When he returned in the early 1970s, there was a moment of apparent dissent to which Klaus will often point to — he was labelled an “anti-socialist malcontent” and barred from various academic bodies. Other dissidents similarly excluded, were consigned to factory jobs in the backblocks. Klaus wasn’t one of them — instead he went to work for the Czech state bank, eventually rising to a senior position.

Thus, for two decades, this lonely voice against the “new communism” prospered well under the old communism, serving the economic needs of a Marxist-Leninist state, and travelling abroad frequently, the privilege accorded to a loyal apparatchik. The ’70s progressed. Just as many dissidents were being allowed to return to mainstream life, charter 77 came along — the protest against the lack of democracy and free speech, sparked by the repression of a rock band. Thousands faced the agonising choice of again going up against a monolithic state. Most did it, facing a new round of prison and internal exile.

Klaus didn’t — indeed for many Czechs he’s become a positive symbol of those who didn’t dissent. As a Czech commentator explained to Radio Free Europe in 2007, on the 30th anniversary:

Frantisek Sulc, an editor for the daily Lidove noviny, says most Czechs probably don’t feel guilty for not having signed Charter 77. Instead, he says, they probably just don’t like it that a small group of dissidents — only about 2000 signed Charter 77 — seem to get all the credit for helping to bring down communism.

Also worth nothing, Sulc says, is that with Havel out of office, very few if any current political leaders signed Charter 77, including President Vaclav Klaus.

“[Klaus] really mirrors the feeling of, I would say, most Czechs,” Sulc says. “That is, ‘We didn’t do anything bad, we didn’t hurt anybody, we just tried to survive and tried to live’. And now, there’s a group of the few people, a small group, who is now taking all the benefits and the heroism for putting down the communist regime.

Could Klaus have chosen not to work so directly with a communist state? Others did. Here’s Jefim Fistein, the only non-Czech signatory of the charter:

While in Prague, Jefim worked as an independent translator, despite his training in journalism. Says Jefim, “Although I was trained in journalism, I didn’t want to work in Czechoslovakia because I didn’t want to serve the regime in any way.”

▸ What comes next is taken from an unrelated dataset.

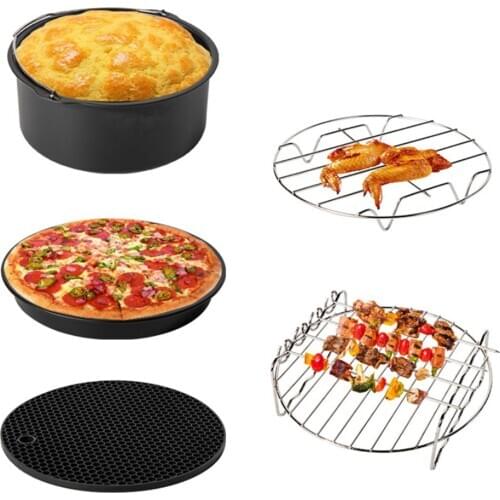 7pcs Air Fryer Accessories 8inch, Cake Barrel, Pizza Pan, Cake Mold, Rack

Klaus, by contrast, devoted his talents to ensuring its continued viability. Having faced a genuinely totalitarian enemy, with the capacity to harm, he largely ducked the fight; facing green parties and activists using democratic and peaceful means he won’t debate them — he simply denounces them. Purporting to be a foe of communism, he instead brings all the techniques required for getting ahead in a torpid Brezhnevite state to an open society. Simple criticism doesn’t work — your opponent must be labelled an enemy of the people, a wrecker, an anti-human, in order to be defeated.

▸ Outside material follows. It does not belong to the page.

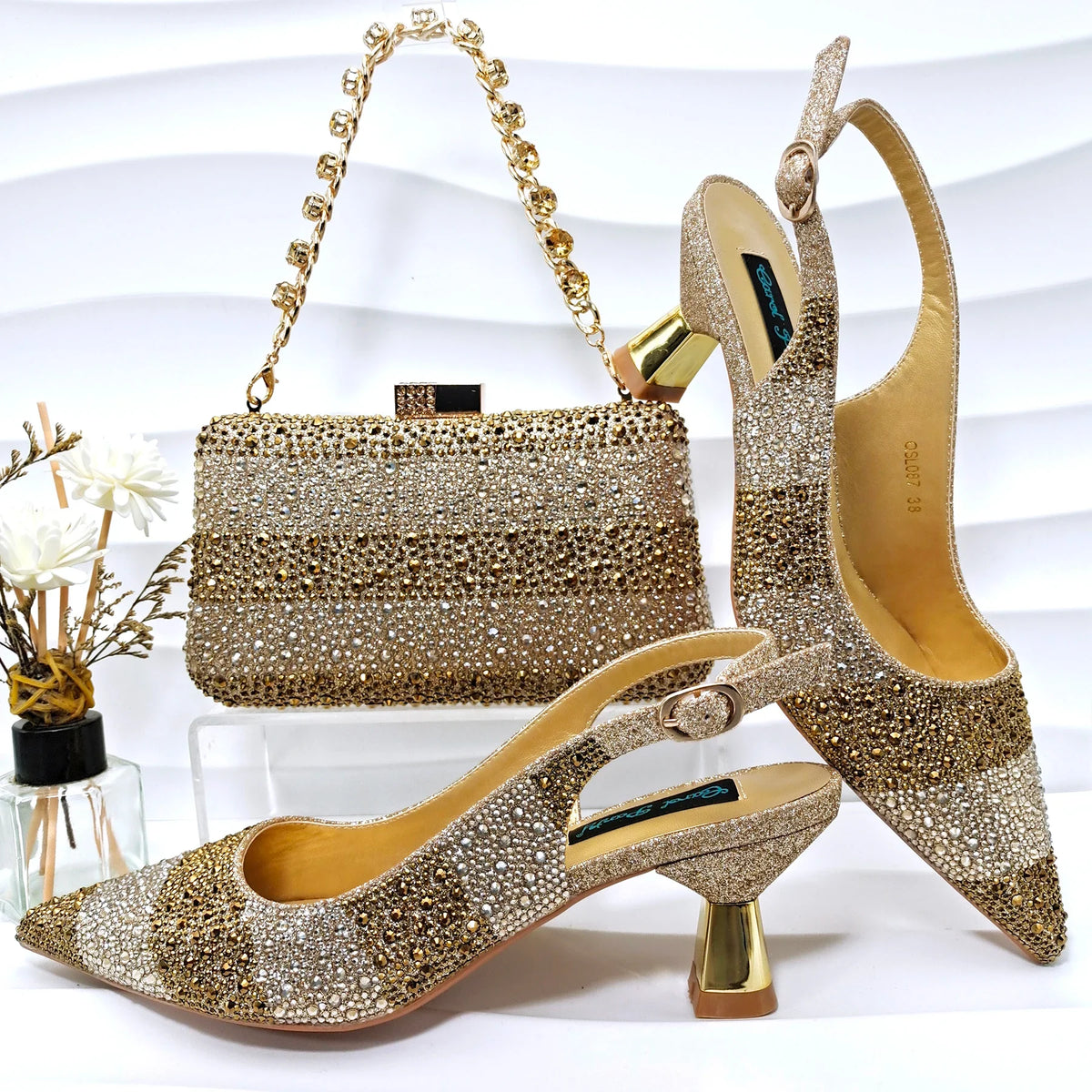 High Quality African Style Ladies Shoes And Bags Set ED125 – product view 8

Poetic really, that the Czechs should present us with two examples of humanity, under the name Vaclav — one, Havel, who would serve several prison terms, and suffer two decades of harassment, only to emerge into post-communist Europe as a social democrat and an early proponent of Green politics, a man renowned for his generosity, politeness, breadth of thought, and humour; and Klaus, the notoriously rude state bank loyalist who wouldn’t stick his neck out, who denounces democrats as Stalinists, but made his peace with the latter; who vowed to oppose the EU, but signed the anti-democratic Lisbon treaty without a squeak; who purported to stand for the freedom of small nations, yet supported the Russian invasion of Georgia to the hilt.

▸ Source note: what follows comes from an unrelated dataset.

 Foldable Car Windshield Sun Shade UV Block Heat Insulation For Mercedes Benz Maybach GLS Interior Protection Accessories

And how inevitable that the IPA would choose the latter over the former. For who can doubt that the think tank’s bright boys and girls are, above all, conformists, who, in other circumstances would slide easily into the same sort of accommodations as Klaus, the grey roosts of apparatchik culture, and do Marxian calculations of the falling rate of profit to eight decimal places as eagerly as they read Hayek and Von Mises. After all, it’s easy to pretend you believe in freedom if you arrange it so that you never meet anyone who really stood up for it.